WORK REQUIRED -
An exact copy of every record below is required, with the pictures left out.

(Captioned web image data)
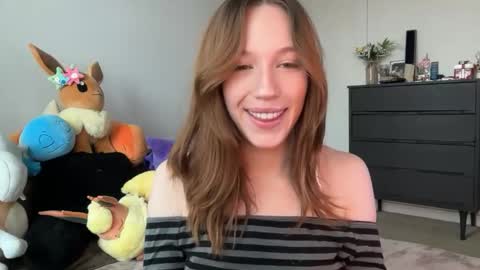 Snapshot of itssheababy chatting on 03-07-26, 03:20 Shea online show from 03-07-26, 03:20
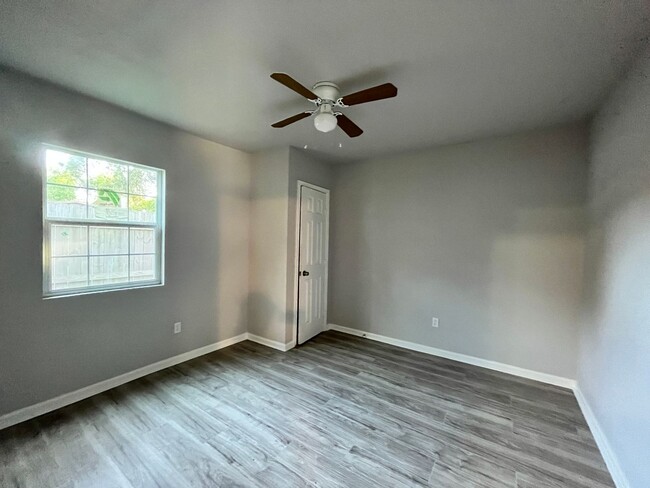 property at 1309 Jefferson St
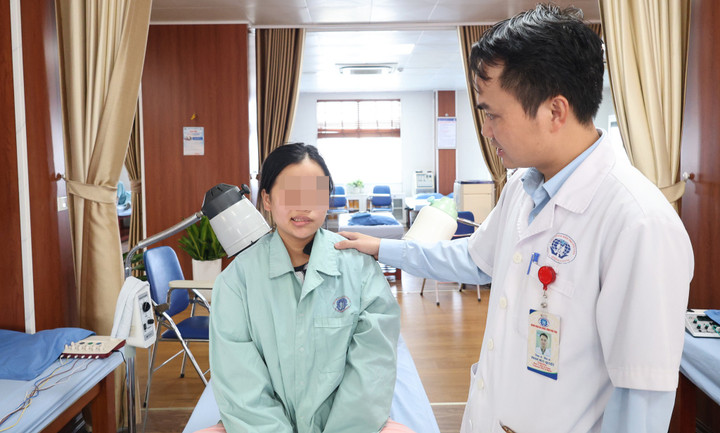 Nhiều bệnh nhân trẻ tuổi đột ngột bị liệt mặt, méo miệng sau một đêm ngủ dậy (Ảnh: BV tỉnh Phú Thọ).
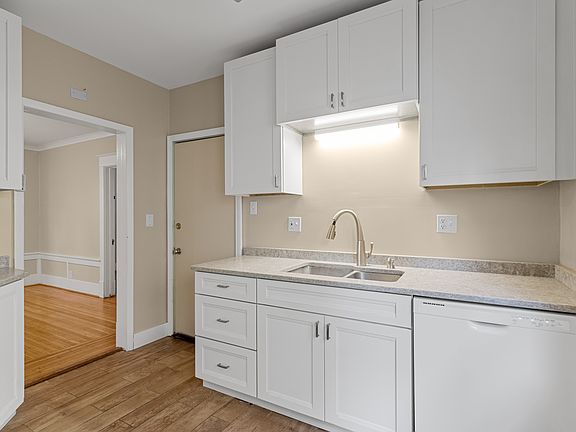 4th image of 275 Sterling Ave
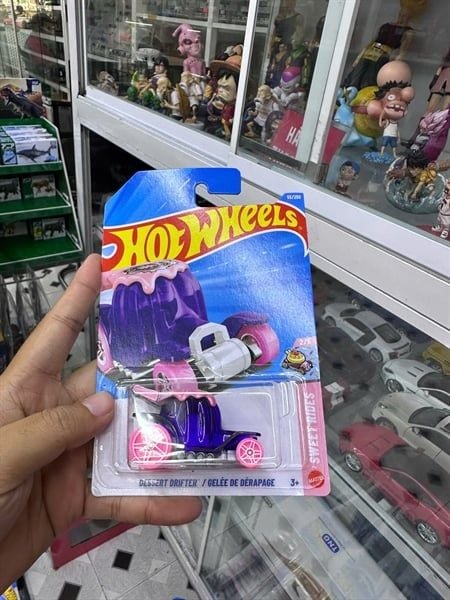  Mô hình xe Dessert Drifter / Gelée de Dérapage kim loại có bản quyền chính hãng tỉ lệ 1:64 C4982-FA 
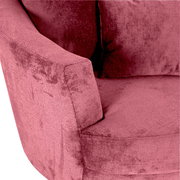 Nahaufnahme eines Sessels in rosa Stoff, Fokus auf Armlehne und Sitzfläche, von schräg oben betrachtet.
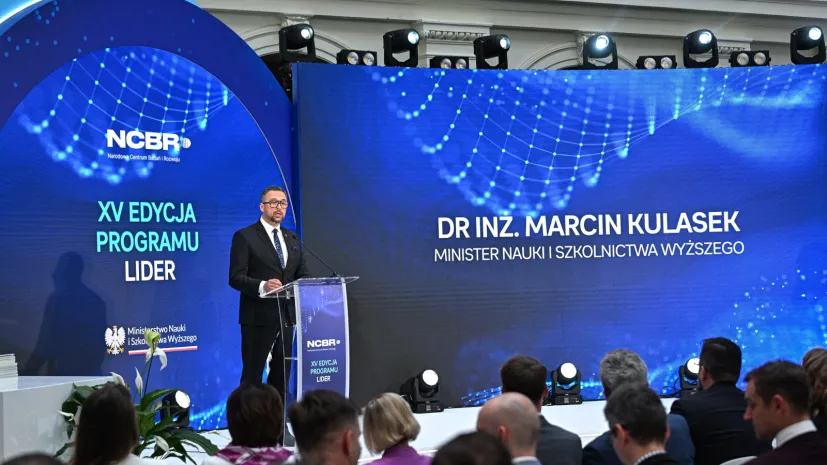 Warszawa, 17.06.2025. Minister nauki i szkolnictwa wyższego Marcin Kulasek na gali XV edycji programu LIDER, 17 bm. w siedzibie Politechniki Warszawskiej. Wydarzenie jest organizowane przez Narodowe Centrum Badań i Rozwoju. (mr) PAP/Radek Pietruszka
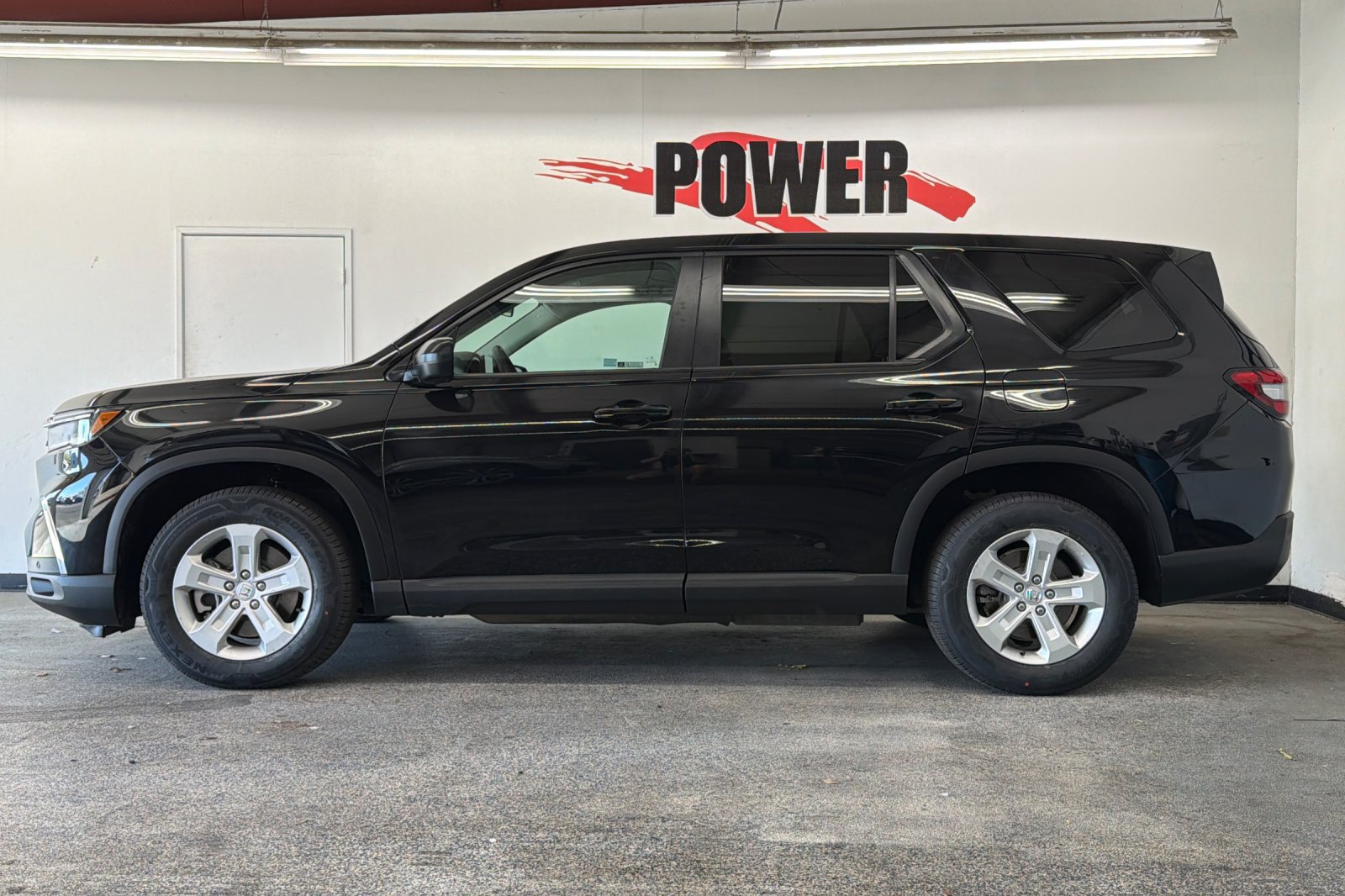 Used 2023 Honda Pilot LX image 6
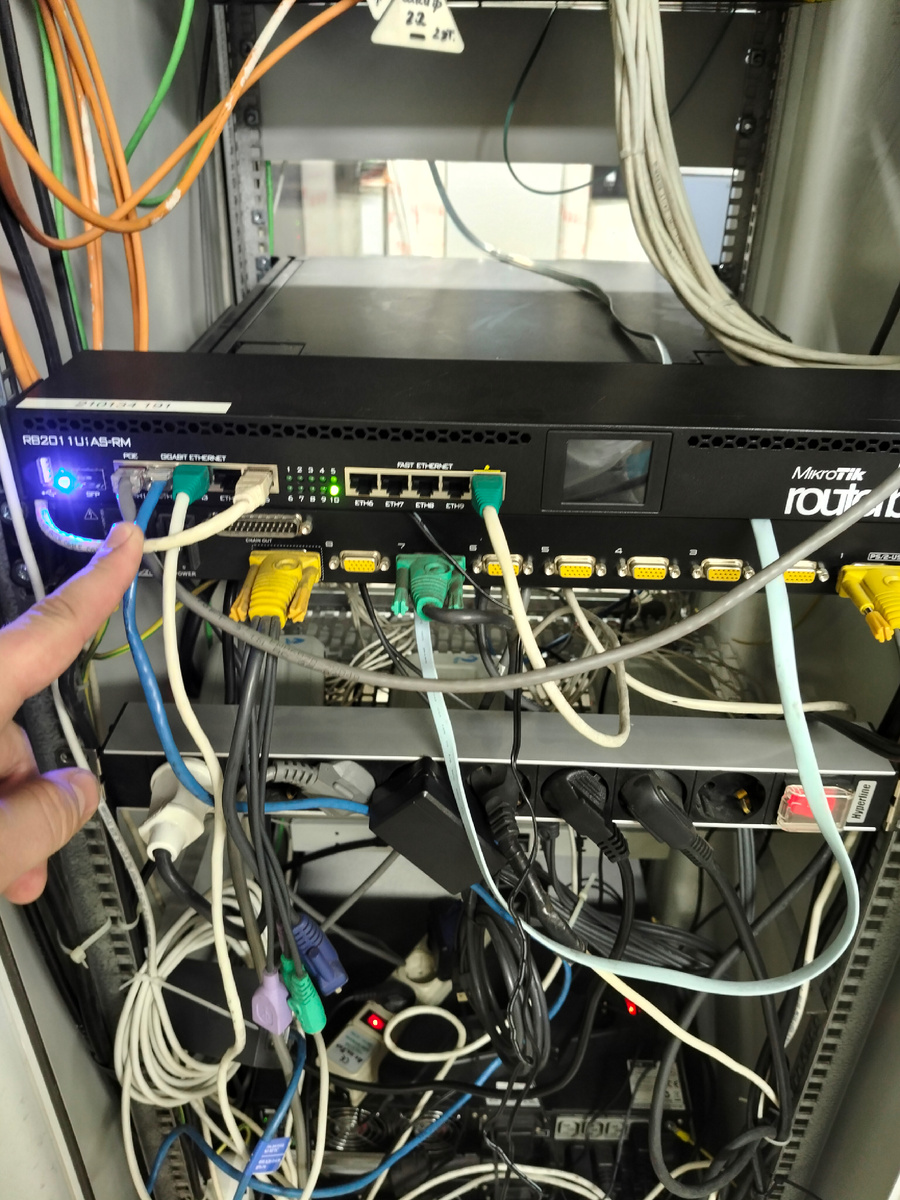 Команда Hot-WiFi обеспечила стабильным интернетом конференцию CPB conf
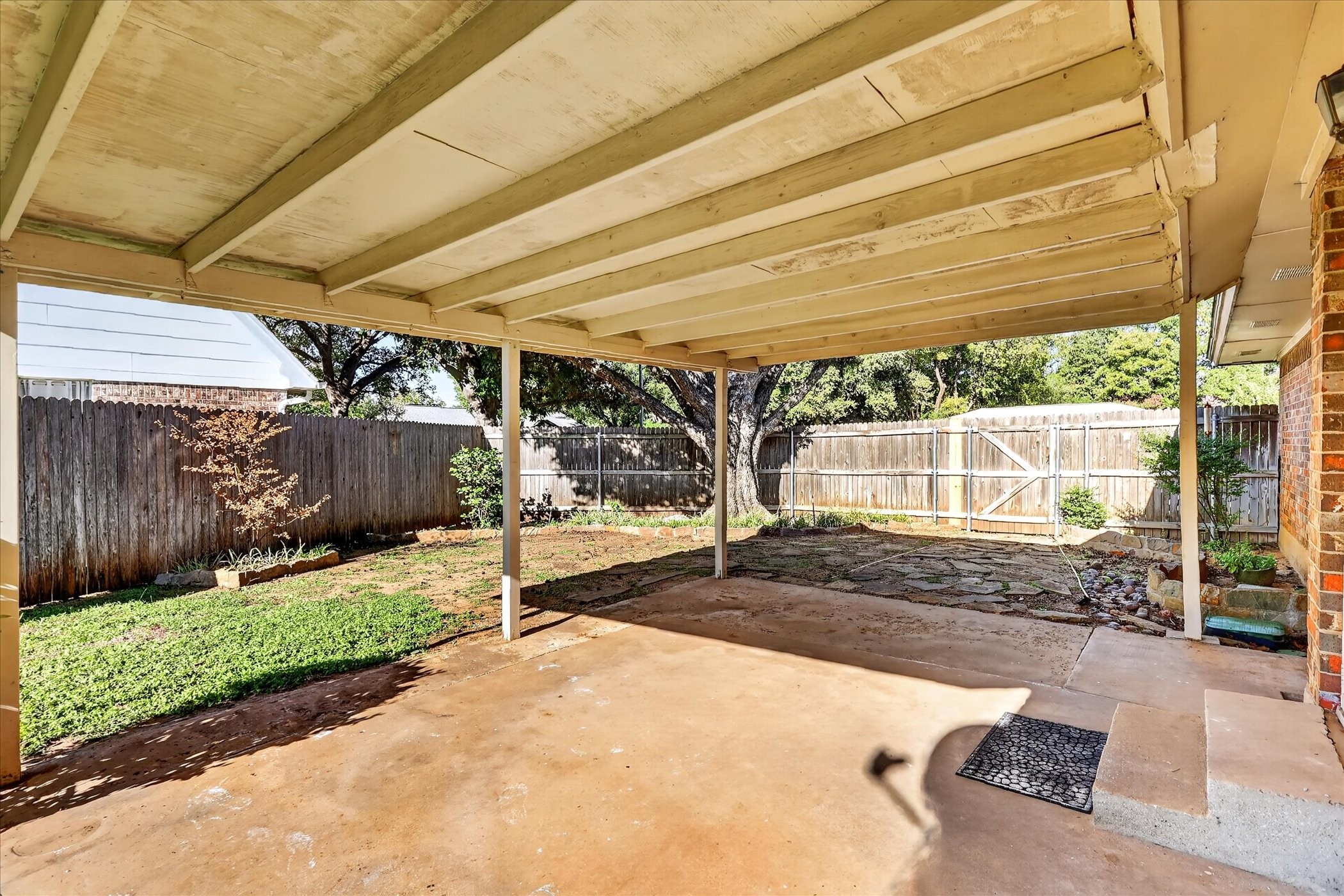 1818 Lakemont Court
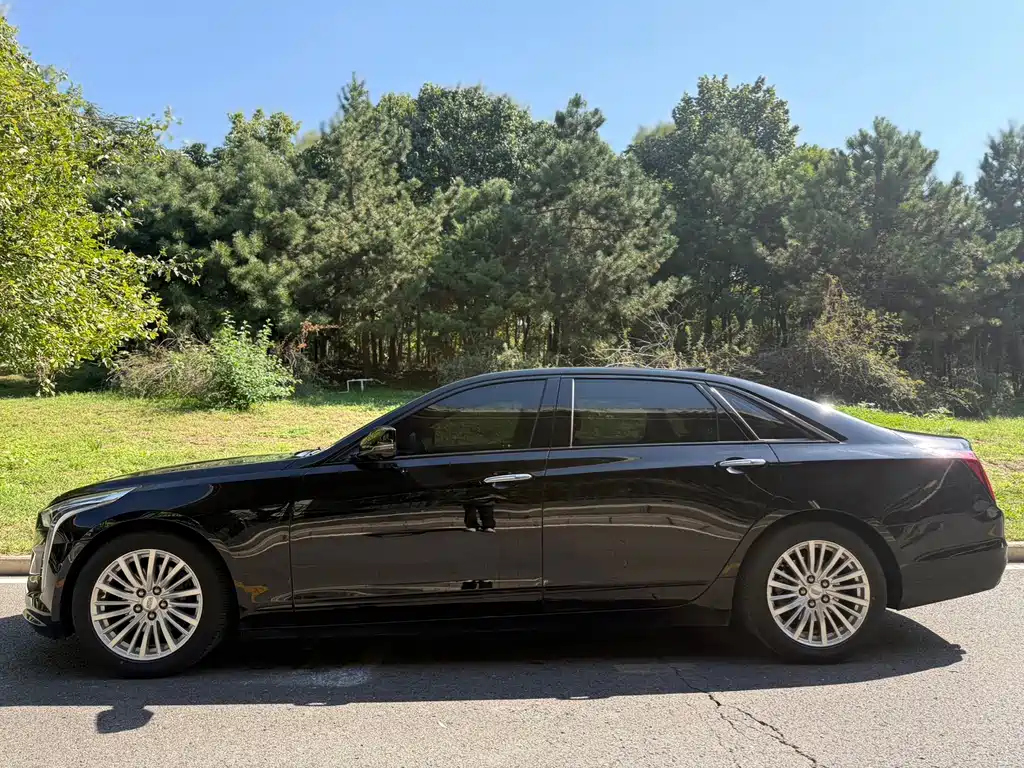 Cadillac CT6 — фото 4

TASK ANSWER -
 Snapshot of itssheababy chatting on 03-07-26, 03:20 Shea online show from 03-07-26, 03:20
 property at 1309 Jefferson St
 Nhiều bệnh nhân trẻ tuổi đột ngột bị liệt mặt, méo miệng sau một đêm ngủ dậy (Ảnh: BV tỉnh Phú Thọ).
 4th image of 275 Sterling Ave
  Mô hình xe Dessert Drifter / Gelée de Dérapage kim loại có bản quyền chính hãng tỉ lệ 1:64 C4982-FA 
 Nahaufnahme eines Sessels in rosa Stoff, Fokus auf Armlehne und Sitzfläche, von schräg oben betrachtet.
 Warszawa, 17.06.2025. Minister nauki i szkolnictwa wyższego Marcin Kulasek na gali XV edycji programu LIDER, 17 bm. w siedzibie Politechniki Warszawskiej. Wydarzenie jest organizowane przez Narodowe Centrum Badań i Rozwoju. (mr) PAP/Radek Pietruszka
 Used 2023 Honda Pilot LX image 6
 Команда Hot-WiFi обеспечила стабильным интернетом конференцию CPB conf
 1818 Lakemont Court
 Cadillac CT6 — фото 4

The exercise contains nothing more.